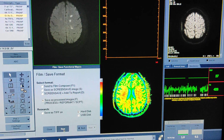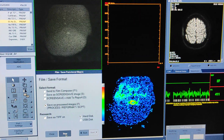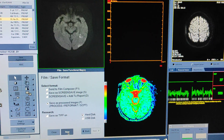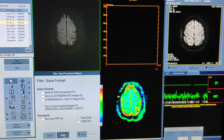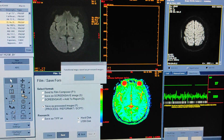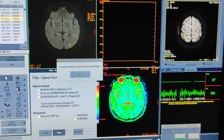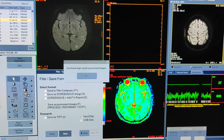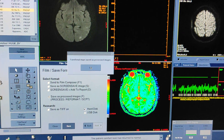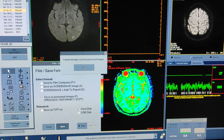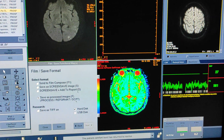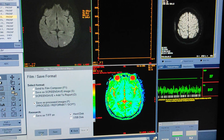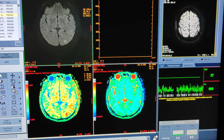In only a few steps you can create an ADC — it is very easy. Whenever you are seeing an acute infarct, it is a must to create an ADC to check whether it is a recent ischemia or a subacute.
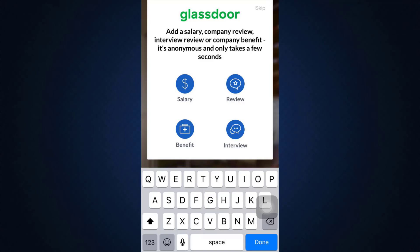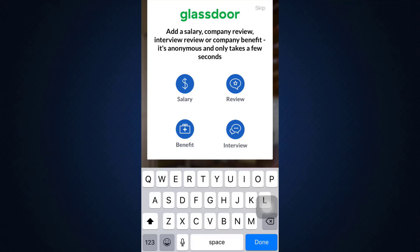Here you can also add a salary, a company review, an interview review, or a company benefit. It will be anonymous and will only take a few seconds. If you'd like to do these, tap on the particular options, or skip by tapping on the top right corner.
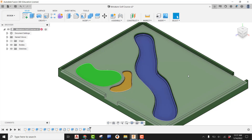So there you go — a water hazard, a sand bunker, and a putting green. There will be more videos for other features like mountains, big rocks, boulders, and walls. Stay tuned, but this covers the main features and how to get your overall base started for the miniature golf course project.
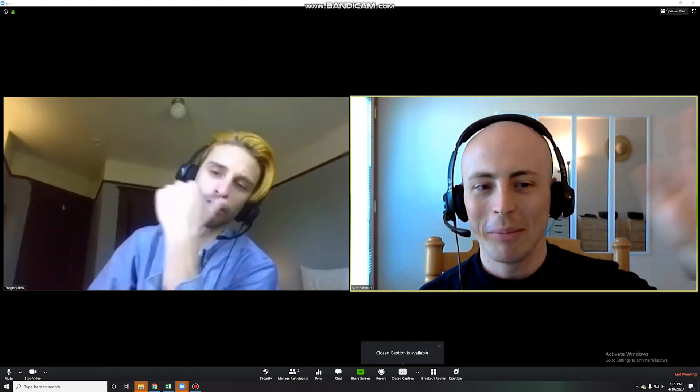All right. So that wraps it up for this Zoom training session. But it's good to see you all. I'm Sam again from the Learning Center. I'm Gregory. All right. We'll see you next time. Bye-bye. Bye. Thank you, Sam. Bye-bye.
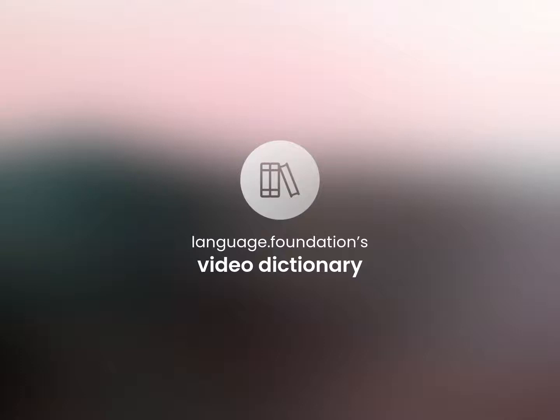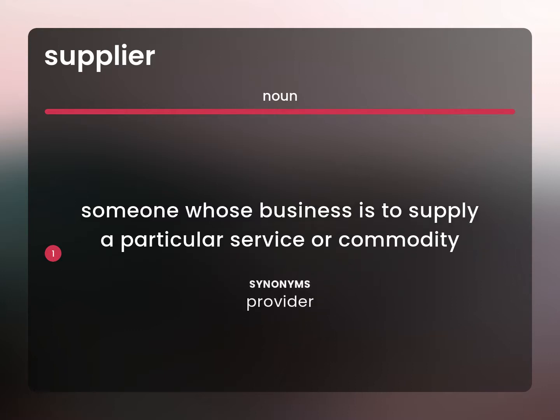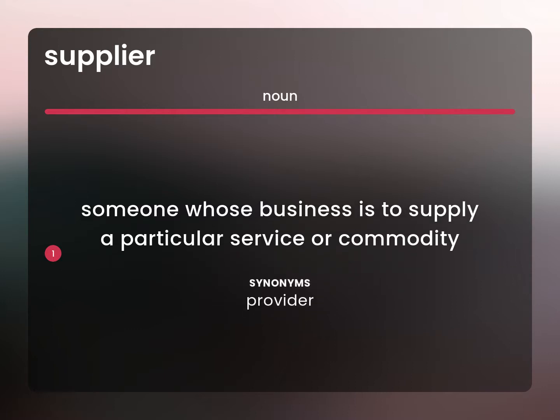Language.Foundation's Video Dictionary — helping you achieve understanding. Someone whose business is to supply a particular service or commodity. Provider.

--

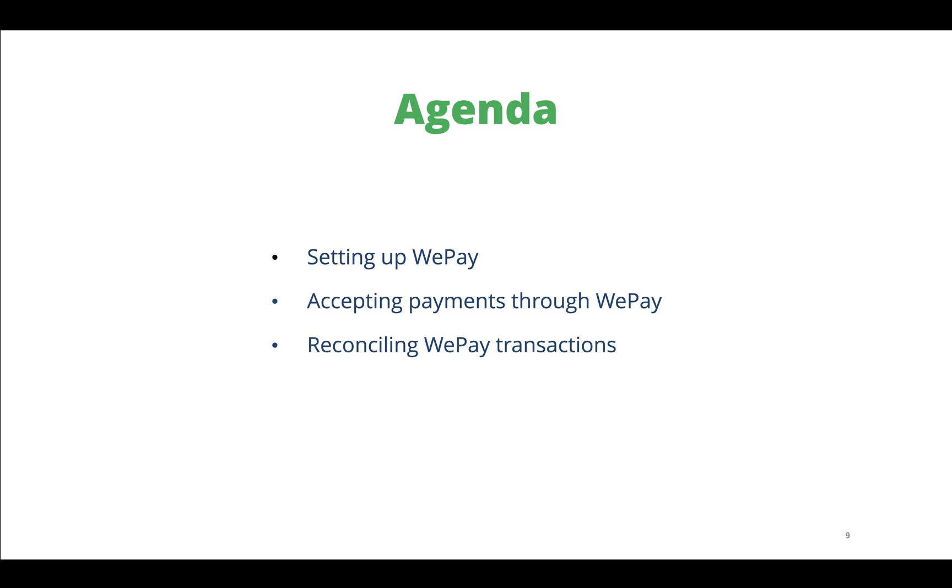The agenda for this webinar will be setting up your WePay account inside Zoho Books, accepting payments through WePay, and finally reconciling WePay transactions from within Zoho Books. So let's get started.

# Exercise prompt
Exactly the lines above from the one that contains "So there you" down to the one that contains "Language.Foundation's Video Dictionary" are to be output, both ends kept and pictures omitted.

# Task response
So there you go — a water hazard, a sand bunker, and a putting green. There will be more videos for other features like mountains, big rocks, boulders, and walls. Stay tuned, but this covers the main features and how to get your overall base started for the miniature golf course project.
All right. So that wraps it up for this Zoom training session. But it's good to see you all. I'm Sam again from the Learning Center. I'm Gregory. All right. We'll see you next time. Bye-bye. Bye. Thank you, Sam. Bye-bye.
Language.Foundation's Video Dictionary — helping you achieve understanding. Someone whose business is to supply a particular service or commodity. Provider.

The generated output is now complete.